[EXERCISE PROMPT]: Beginning with the line that contains "Earnings Challenge E13｜Identify" and ending with the line that contains "After reading all", reproduce the lines of the entries below exactly, omitting pictures.

[RECORDS FOR PROCESSING]:
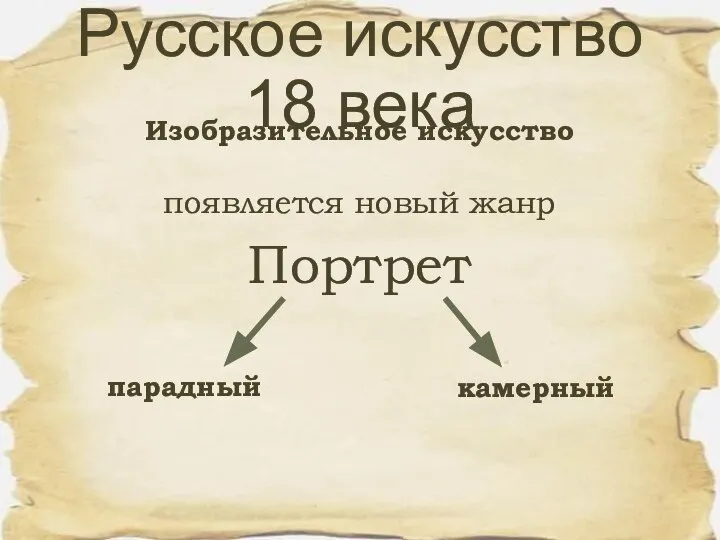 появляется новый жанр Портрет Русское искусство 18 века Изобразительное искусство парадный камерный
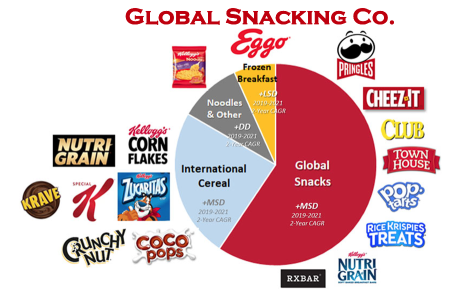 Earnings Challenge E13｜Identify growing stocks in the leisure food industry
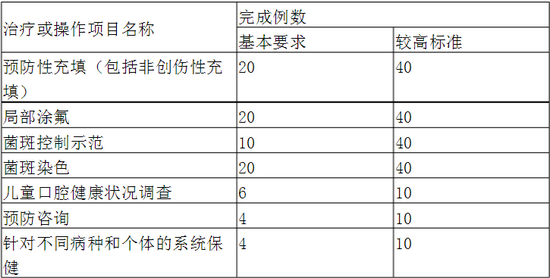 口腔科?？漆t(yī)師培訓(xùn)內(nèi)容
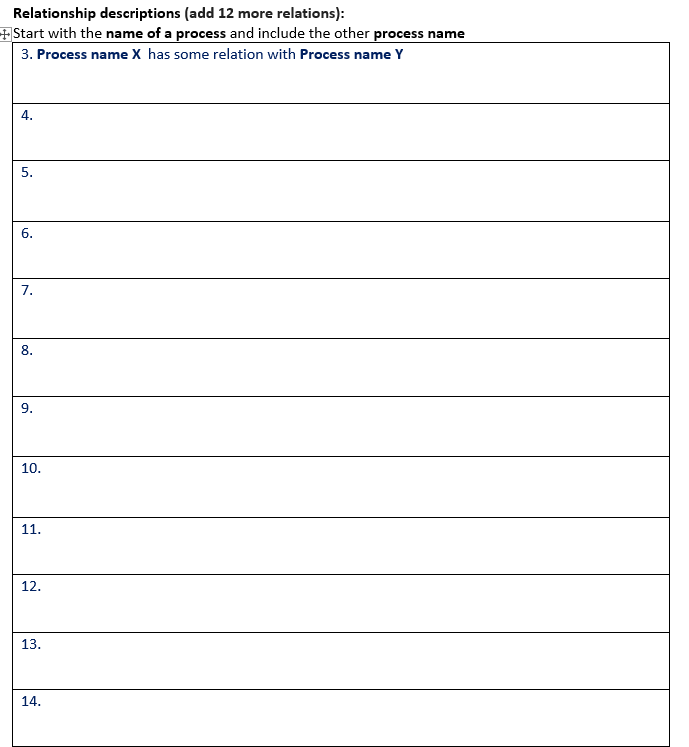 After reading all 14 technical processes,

==

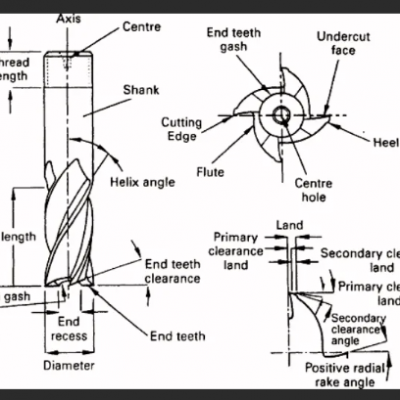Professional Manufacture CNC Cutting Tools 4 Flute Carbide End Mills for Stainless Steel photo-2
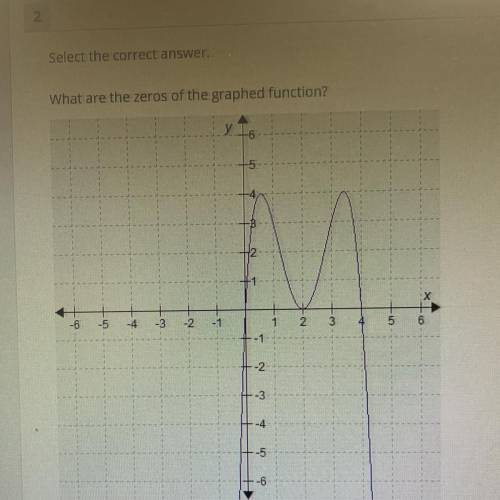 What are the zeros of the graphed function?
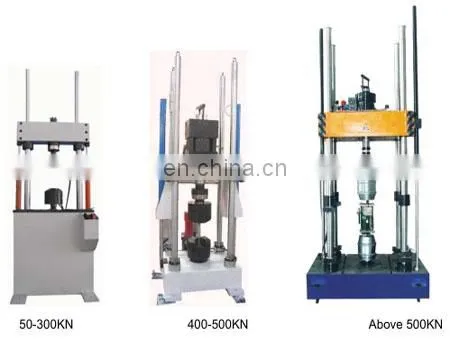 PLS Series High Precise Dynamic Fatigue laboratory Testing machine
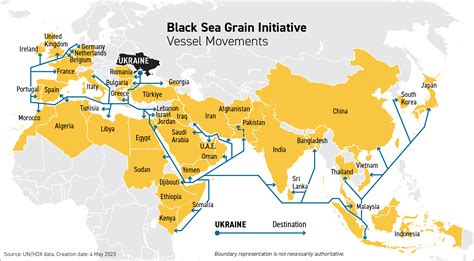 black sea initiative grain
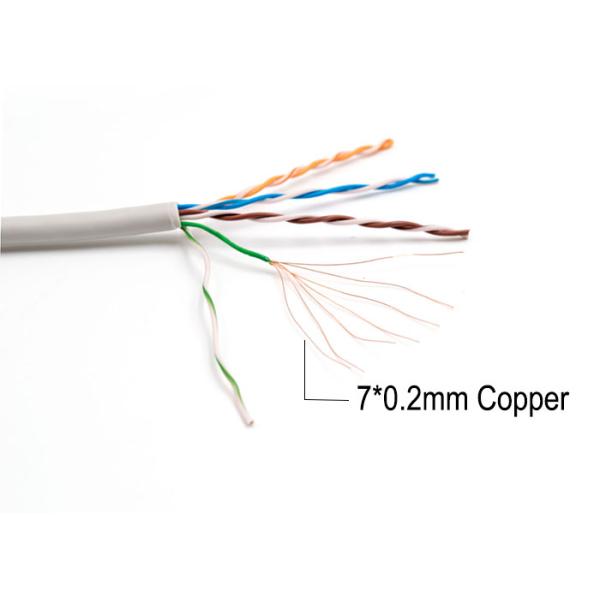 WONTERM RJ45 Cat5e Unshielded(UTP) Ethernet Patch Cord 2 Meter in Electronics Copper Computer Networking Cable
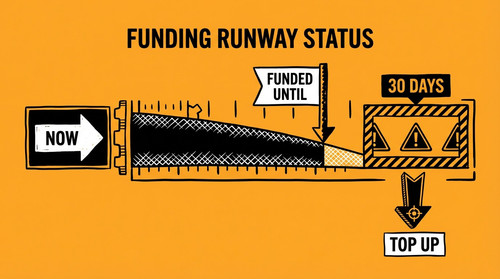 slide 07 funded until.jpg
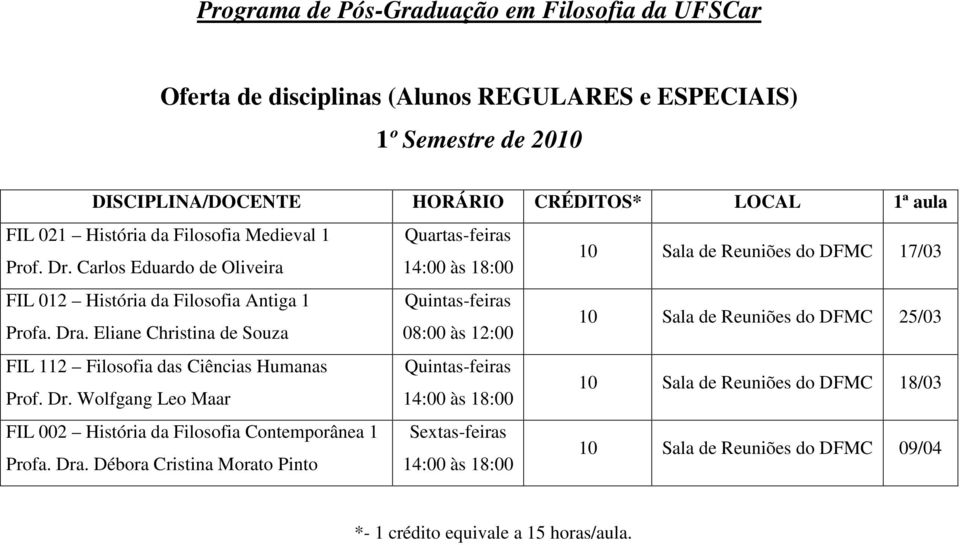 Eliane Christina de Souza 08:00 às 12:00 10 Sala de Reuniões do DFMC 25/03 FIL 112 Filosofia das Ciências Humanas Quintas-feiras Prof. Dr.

[TASK ANSWER]:
 Earnings Challenge E13｜Identify growing stocks in the leisure food industry
 口腔科?？漆t(yī)師培訓(xùn)內(nèi)容
 After reading all 14 technical processes,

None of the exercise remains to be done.